Yakov Smirnov again: “So, a communist party official goes to a factory and says to one of the workers, ‘If you had a glass of vodka could you work today?’ The worker said, ‘I guess I could.’ ‘If you had two glasses of vodka, could you work?’ He said, ‘I guess I could.’ ‘If you had three glasses of vodka, could you work?’ He said, ‘I’m here, aren’t I?’ That joke did not pass.”
The legislation I am referring to is, of course, NDP MP Charlie Angus’ Bill C-372: An Act respecting fossil fuel advertising. You can’t help but burst out laughing if you read that Act’s name, and compare it to its contents.
The draft bill specifies penalties for producers (“on conviction on indictment to a fine not exceeding $1,000,000 or to imprisonment for a term not exceeding two years, or to both”) and individuals of any stripe (“Every person, other than a producer, who contravenes section 6 is guilty of an offence and liable on summary conviction to a fine not exceeding $500,000.”)
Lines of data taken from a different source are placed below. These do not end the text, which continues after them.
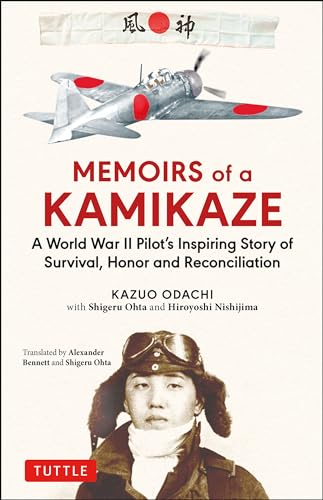 Memoirs of a Kamikaze: A World War II Pilot's Inspiring Story of Survival, Honor and Reconciliation - Hardcover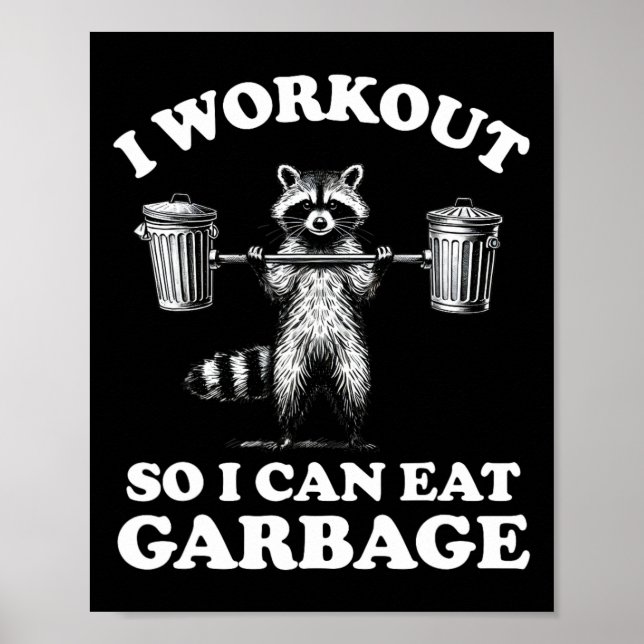 Funny I Workout So I Can Eat Garbage  Poster (Front)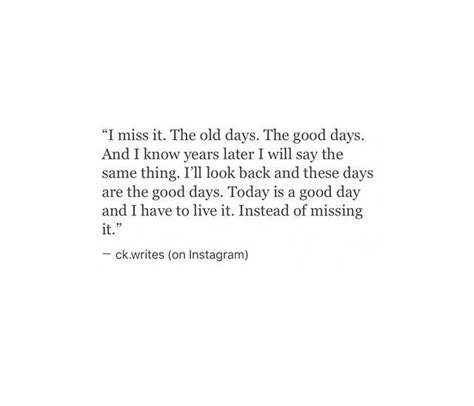 Missing Old Life Quotes, Old Love Quotes Memories Feelings, I Miss The Good Old Days Quotes, Quotes About The Good Old Days, Old People In Love Quotes, Nastolgia Quotes, Hometown Quotes Feelings, Miss My Old Life Quotes, Moving Out Of Childhood Home Quotes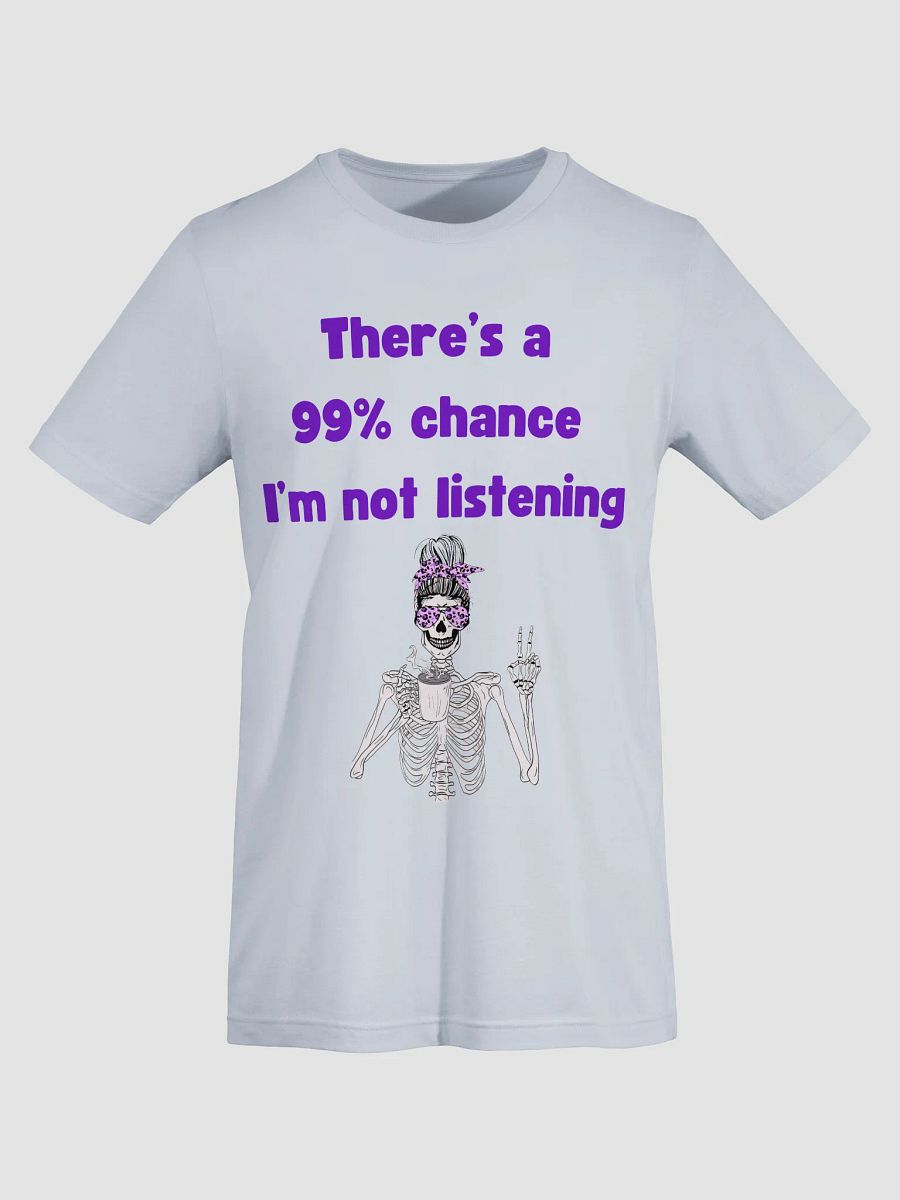 99% Chance I'm not listening product image (25)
The true scope of the legislation is driven home even more forcefully elsewhere in the bill, and no, it does not stop at advertising. This is Bill C-372’s definition of ‘promotion’ [emphasis added]: promotion means a representation about a product or service by any means, whether directly or indirectly, including any communication of information about the product or service and its price and distribution, that is likely to influence and shape attitudes, beliefs and behaviours about the product or service.”
Don’t be silly, says the NDP, we’re not censoring anyone; the legislation is only aimed at false advertising. Sheesh, comrades, read the title. Mr. Angus himself, on Twitter: “Not to panic. #BillC372 doesn’t jail people for liking fossil fuels. It’s simply focused on false advertising…”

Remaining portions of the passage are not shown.